Input data:
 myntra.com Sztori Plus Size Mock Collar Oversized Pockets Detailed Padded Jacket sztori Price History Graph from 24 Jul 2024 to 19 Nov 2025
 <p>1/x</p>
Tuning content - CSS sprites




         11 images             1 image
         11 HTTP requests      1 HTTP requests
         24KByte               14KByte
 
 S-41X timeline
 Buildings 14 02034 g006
* * *
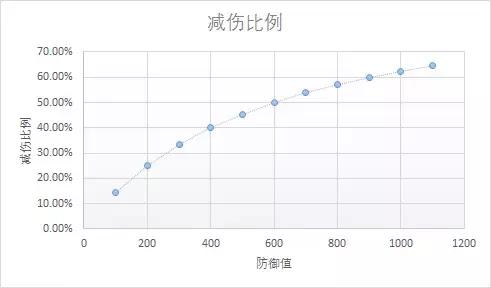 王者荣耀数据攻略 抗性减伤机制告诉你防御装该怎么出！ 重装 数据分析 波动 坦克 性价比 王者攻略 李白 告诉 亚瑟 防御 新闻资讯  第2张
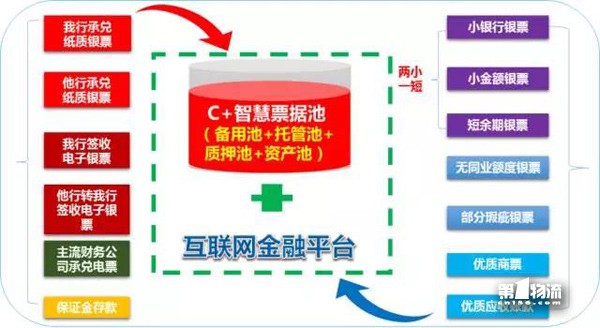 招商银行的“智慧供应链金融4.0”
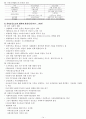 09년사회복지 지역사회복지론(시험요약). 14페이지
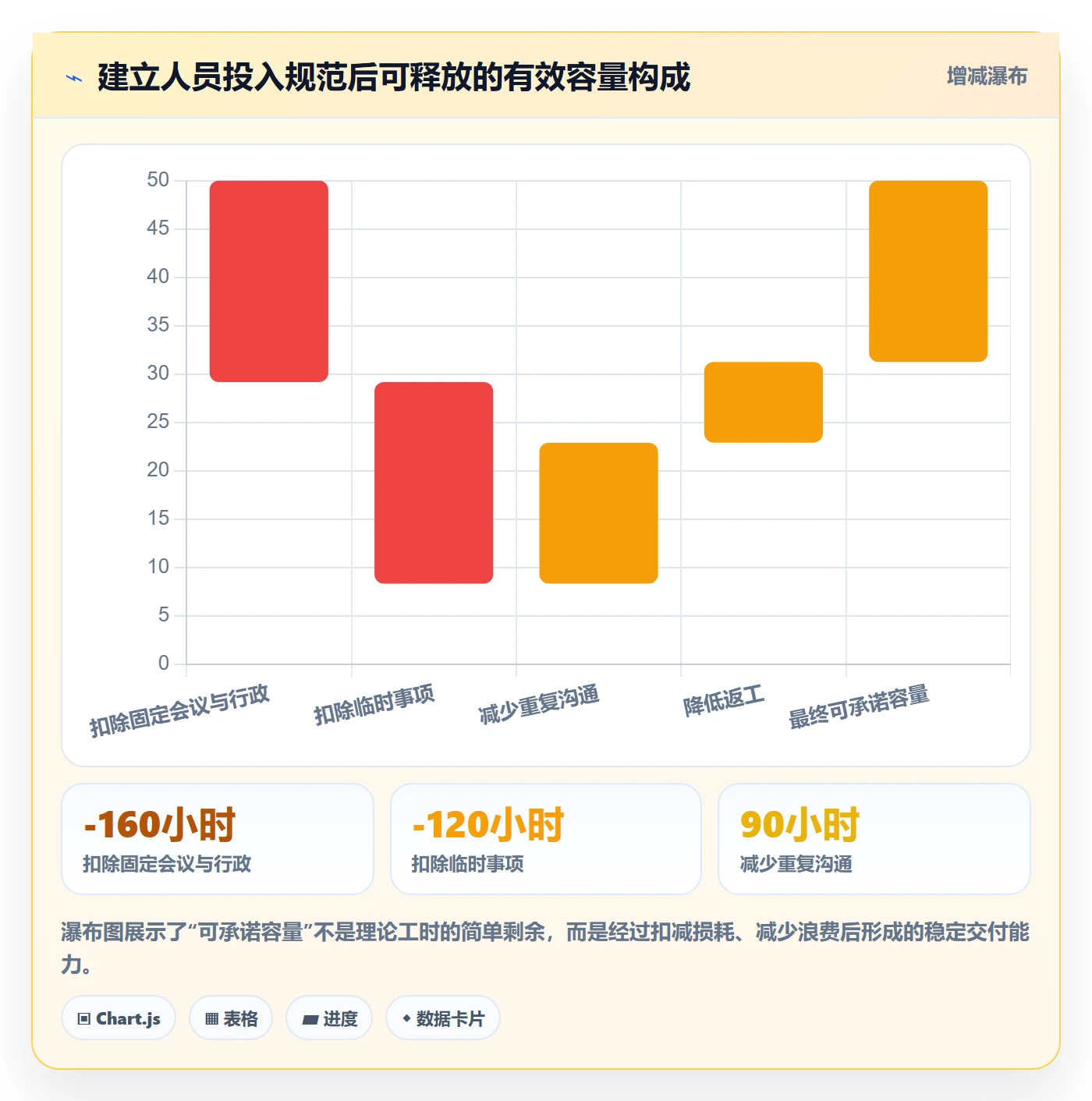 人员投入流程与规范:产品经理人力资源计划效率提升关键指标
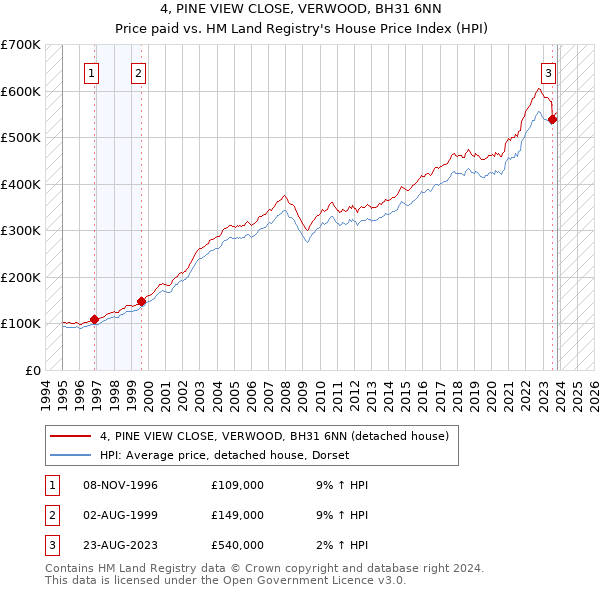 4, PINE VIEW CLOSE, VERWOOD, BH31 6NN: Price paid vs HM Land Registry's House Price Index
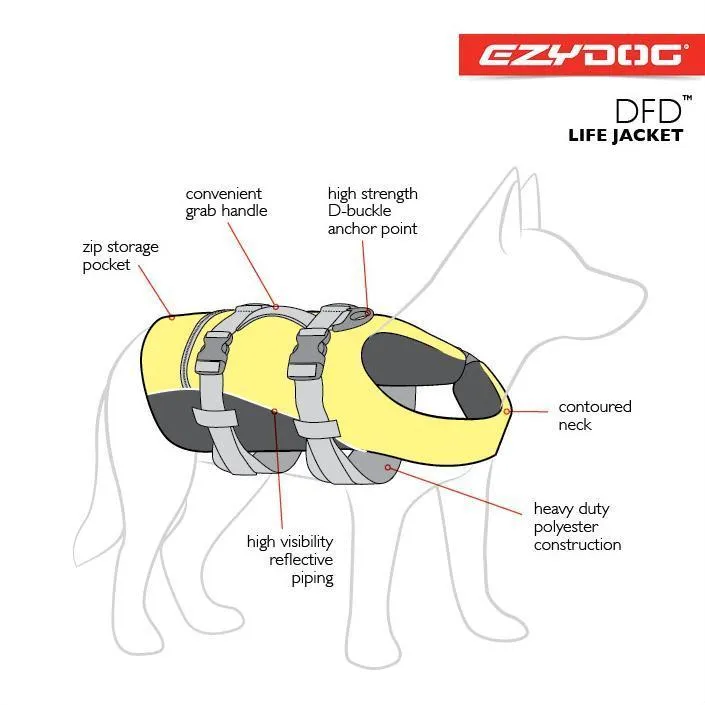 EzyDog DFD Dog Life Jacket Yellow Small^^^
...
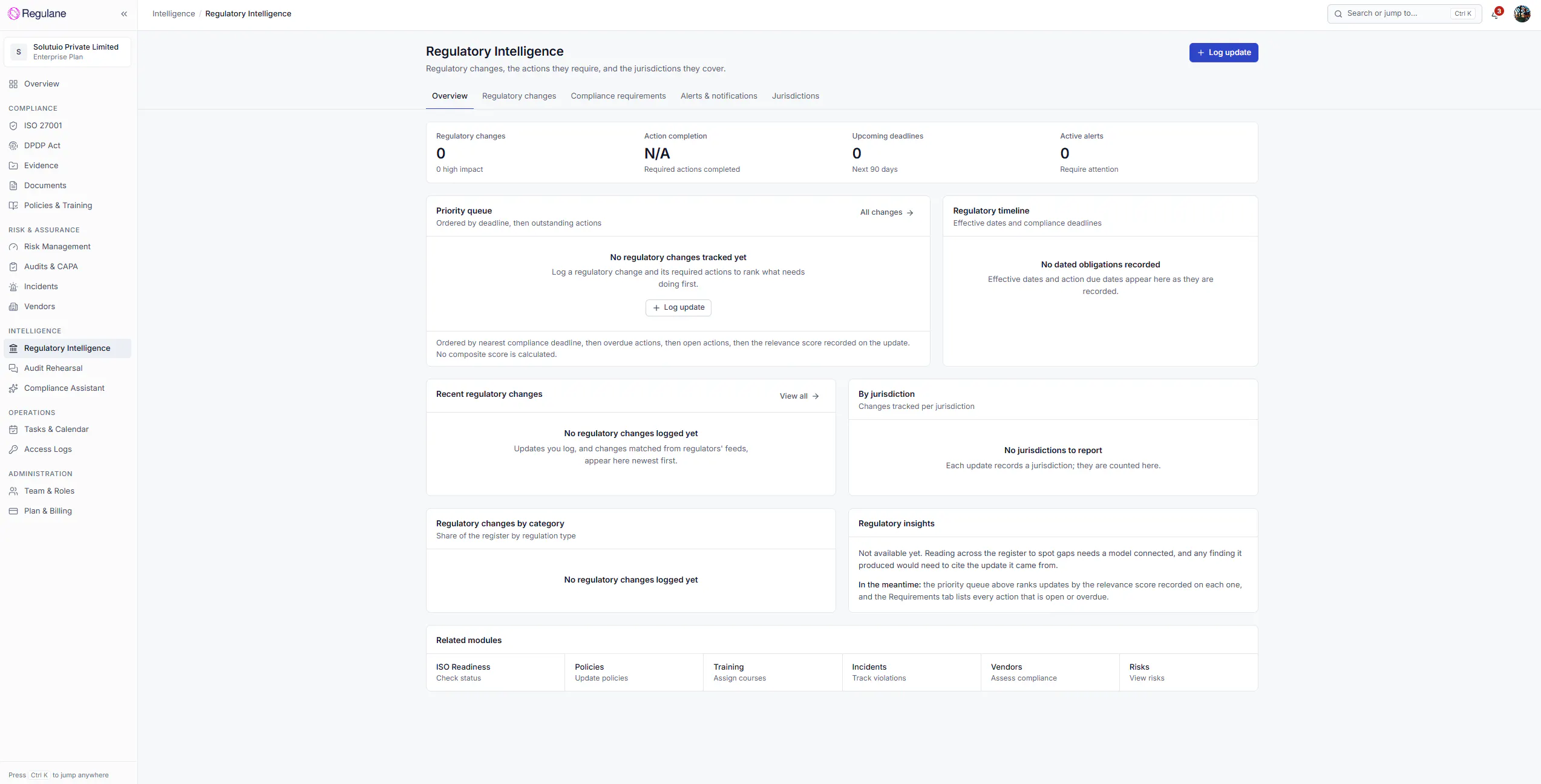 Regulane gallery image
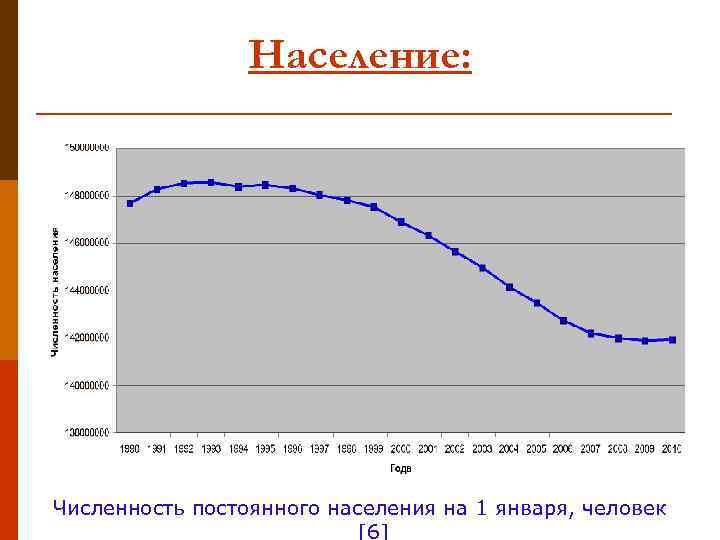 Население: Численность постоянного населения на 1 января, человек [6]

Required action:
Repeat, word for word, the lines above between the line holding "myntra.com Sztori Plus" and the line holding "Buildings 14 02034 g006", inclusive; omit everything else.

Solved problem:
 myntra.com Sztori Plus Size Mock Collar Oversized Pockets Detailed Padded Jacket sztori Price History Graph from 24 Jul 2024 to 19 Nov 2025
 <p>1/x</p>
Tuning content - CSS sprites




         11 images             1 image
         11 HTTP requests      1 HTTP requests
         24KByte               14KByte
 
 S-41X timeline
 Buildings 14 02034 g006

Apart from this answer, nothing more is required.